In this day and age, when e-publishing is common, and everyone shares everything on the internet, and absolutely everything has stacks upon stacks of copy protection, copyright law is more relevant than ever. So I thought I'd share a little of what I learned.
None of this constitutes legal advice. Get off your butt and pay for it! There--now I hopefully won't get sued. After all, this is second-hand information, and I'm not a copyright lawyer. As far as I know, it's all correct, but play it safe with professional help.
Ideas are not protectable. Only the physical expression of those ideas are protected. In other words, you can't copyright the idea that zombie monkeys invade the White House and eat the Vice-president's brain. But if you actually write a song, play, screenplay, poem, story, novel, about or paint a picture of it, that can be copyrighted.
These rights protect you, and then your heirs, from illegal use for the duration of your lifetime plus 70 years. So make sure you name in your will who gets the rights to what you publish, because it matters for 70 years.
After that, it becomes public domain, meaning everyone can use it. FYI: everything published prior to January 1st, 1923, is now in the public domain. That means anyone can use it, copy it, or whatever, for whatever, anytime they want.

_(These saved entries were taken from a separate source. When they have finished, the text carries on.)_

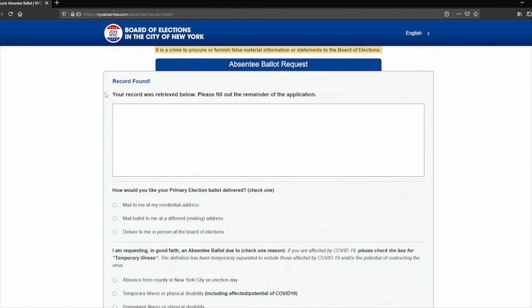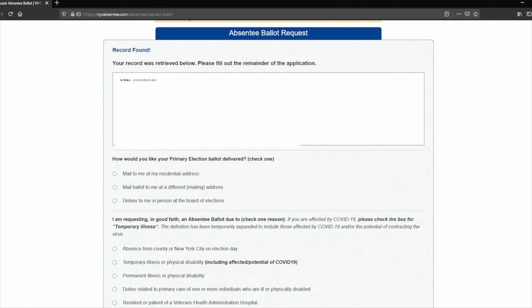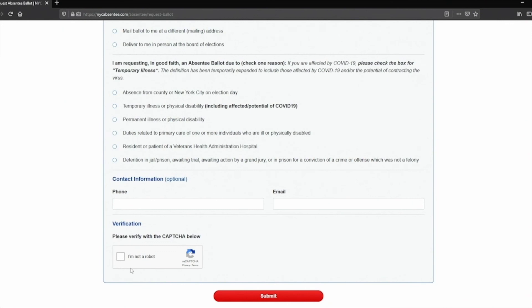Once that is settled, you will come up to a couple of questions. For the first question, click the option "mail to me at my residential address." For the second question, click "temporary illness or physical disability, including effects or potential of COVID-19." After completing the questions, go ahead and click "I'm not a robot" and submit. And there you go — you have signed up for your absentee ballot.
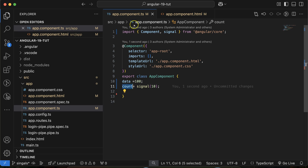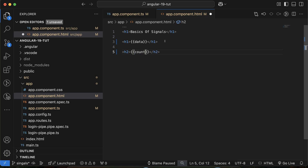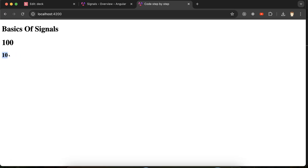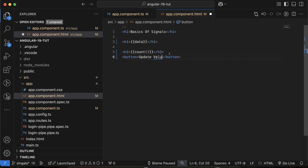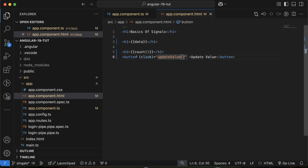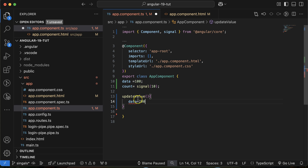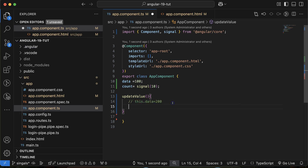To display the signal's counter value on the UI, you might just write count in your template, but that will not give you the exact value — it will show it's a signal with a value of 10. You have to call it as a function: count(). Now the value displays correctly. Next, let's add a button with a click event called updateValue, and define that function in the TypeScript file. To update the normal data property, you can simply write this.data = 200 and it works.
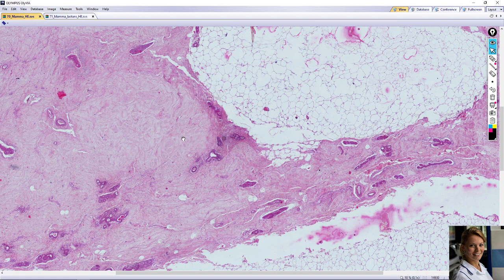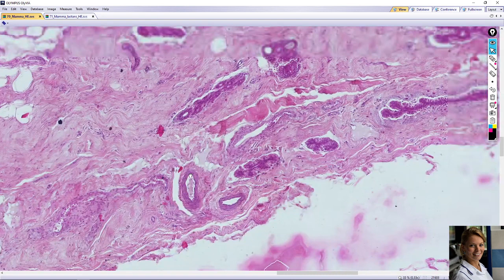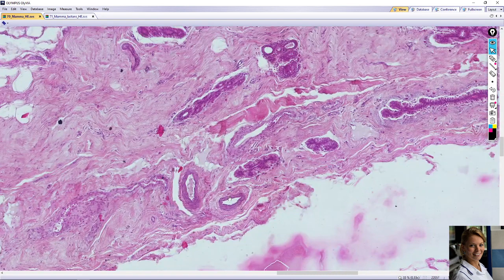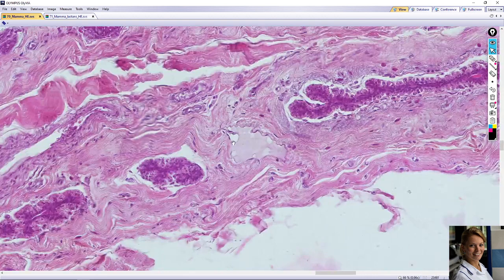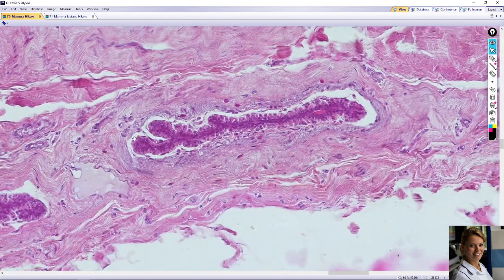The dense interlobular connective tissue contains blood vessels, for example here, sometimes visible lymph vessels here, and interlobular ducts here.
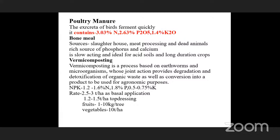Vermicomposting is a process based on earthworms and microorganisms. These earthworms conduct joint actions providing degradation and detoxification of organic wastes, converting them into useful agronomic products. The typical content is 1.2 to 1.6% nitrogen, 1.8% phosphorus, and 0.5 to 0.575% potassium. The rate of application: as basal application 3 tonnes per hectare, top dressing 1.5 tonnes per hectare, for fruit plants 1 to 10 kg per tree depending on age, and for vegetables 10 tonnes per hectare.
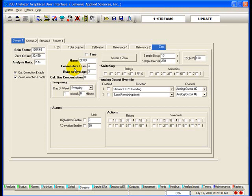The H2S run for stream 1 is set up to run continuously in the automatic sequence under the sequencer tab. The runs to average field is used to average the concentration reading over a number of consecutive gas runs. The H2S and total sulfur tabs do not have this field because they display the concentration after each analysis.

It doesn't matter how many words you use--if something's under copyright, get permission to use it! An exception to this is if you are producing a satire or a parody. Parody is when you imitate something with the intent to ridicule it. Vampires Suck, for example, is a parody of Twilight. Satire is when you ridicule or copy something with the intent of causing change. Jonathan Swift's A Modest Proposal was satire. Another example is the NOBAMA bumper stickers you see. They use Obama's copyrighted artwork (you know--the stars and stripes in the "O"?), but get away with it because they are satirical.